A set of morphological descriptors are currently used for varietal identification, description and seed purity assessment. Though widely adopted and practiced, purity assessments based on morphology is often affected by environment, beside the on time and resources. Furthermore, many of the modern high yielding varieties and hybrids are phenotypically less distinct making morphological evaluation more difficult. Microsatellite markers have been used for genetic characterization of cultivars in wheat, maize, sunflower and tomato (Karkousis et al. 2003; Wang et al. 2002; Zhang et al. 2005; Smith and Register 1998). The Biochemical and Molecular Techniques Group of the International Union for the Protection of New Varieties of Plants (UPOV) is evaluating different DNA marker parameters prior to its routine use in establishing distinctness, uniformity and stability (DUS) of plant varieties (Bredemeijer et al. 2002; UPOV-BMT 2002). Through the present study we have demonstrated that the hyperpolymorphic microsatellite markers, if carefully chosen, are highly useful in distinguishing all the major A and R-lines used in hybrid rice breeding in India. Thus a set of 10 hyperpolymorphic SSR markers (RM70, RM334, RM475, RM219, RM206, RM336, RM547, RM164, RM335, and RM276) are informative enough to distinguish all the parental lines and hybrids considered in the present study.
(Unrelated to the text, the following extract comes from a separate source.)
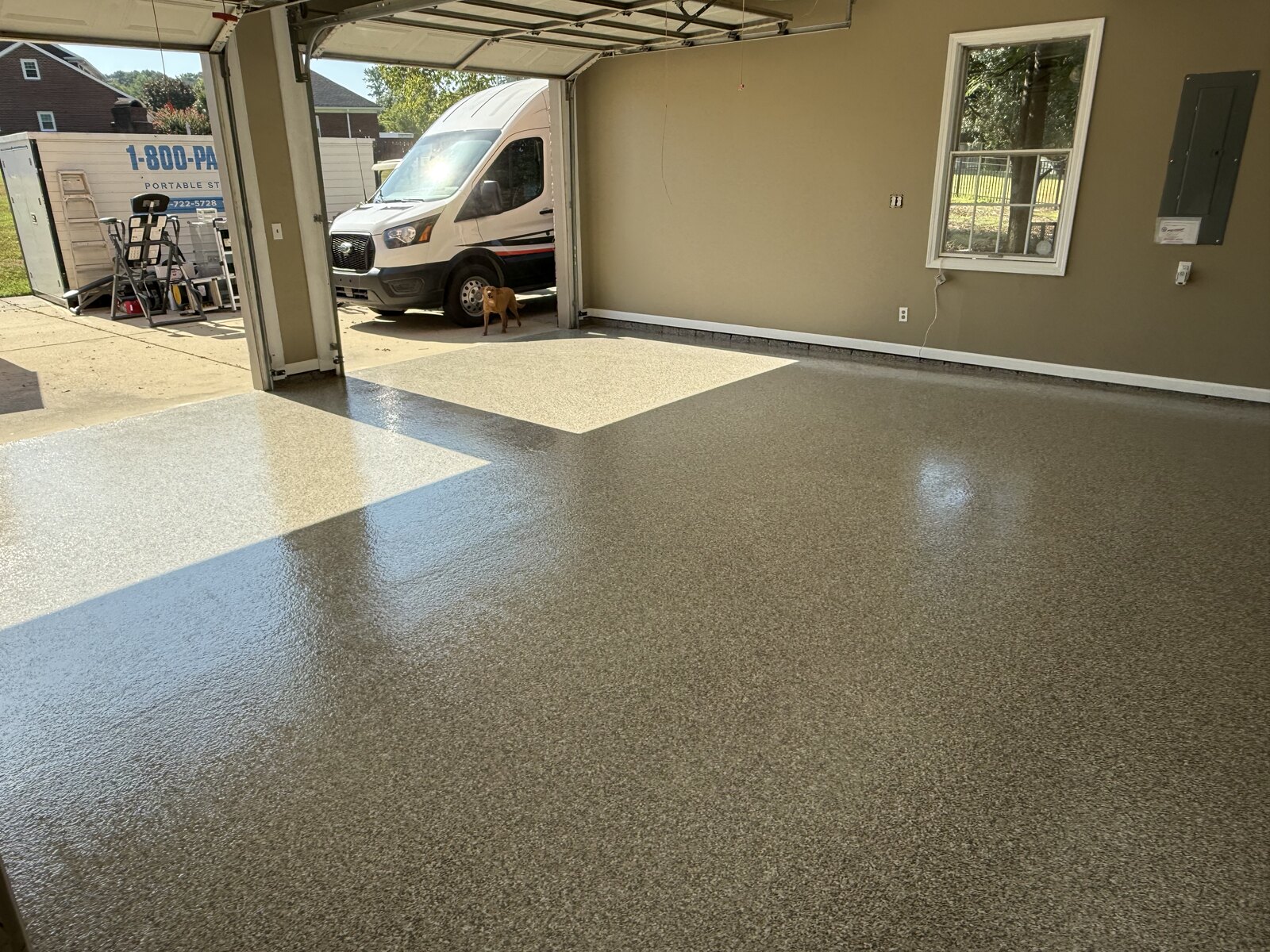 Wide garage with glossy flake floor coating and open door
In addition, we have also identified ‘cultivar specific microsatellite profile’ for eight varieties (which includes popular varieties like Pusa Basmati-1, BPT5204 and Jaya) involving the above-mentioned markers, which could be used for their seed purity estimation at different stages of seed multiplication (Table 3).
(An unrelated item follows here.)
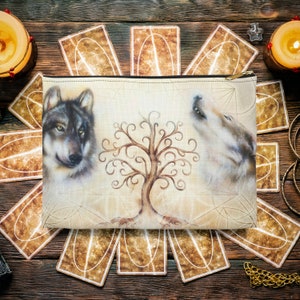 May include: A beige canvas zippered pouch with a design of two wolves on either side of a stylized tree. The wolves are facing opposite directions, one howling at the moon. The tree has a brown trunk and swirling branches.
With increasing number of public as well as private bred rice hybrids under commercial cultivation, quality control in terms of monitoring seed genetic purity at both parental and hybrid seed production stages is vital for the success of hybrid rice technology. Considering the innate disadvantages of GOT for seed purity analysis, marker based seed purity assay which could be an alternative, is receiving the attention. Replacement of GOT with a marker-based assay demands characterization of the parental lines with a large set of hyperpolymorphic markers to identify ‘informative’ markers. The present study is unique due to the fact that a comprehensive set of microsatellite markers (48 Nos.) were utilized for distinguishing the popular CMS and R lines to develop a microsatellite database consisting of ‘informative’ SSR markers. The utility of these markers in detection of impurities is also clearly demonstrated through cost saving strategies of 20 × 20 grow out matrix based bulked sample analysis and multiplex PCR. Further, our study has brought out that analysis using single marker might not be sufficient for detection of impurities in hybrids and multiplex PCR assays involving more than one marker can aid in accurate detection of contaminants. The SSR marker information developed through this study will be of immense help for hybrid rice seed industry to select appropriate marker combinations and assess purity at each stage of seed multiplication.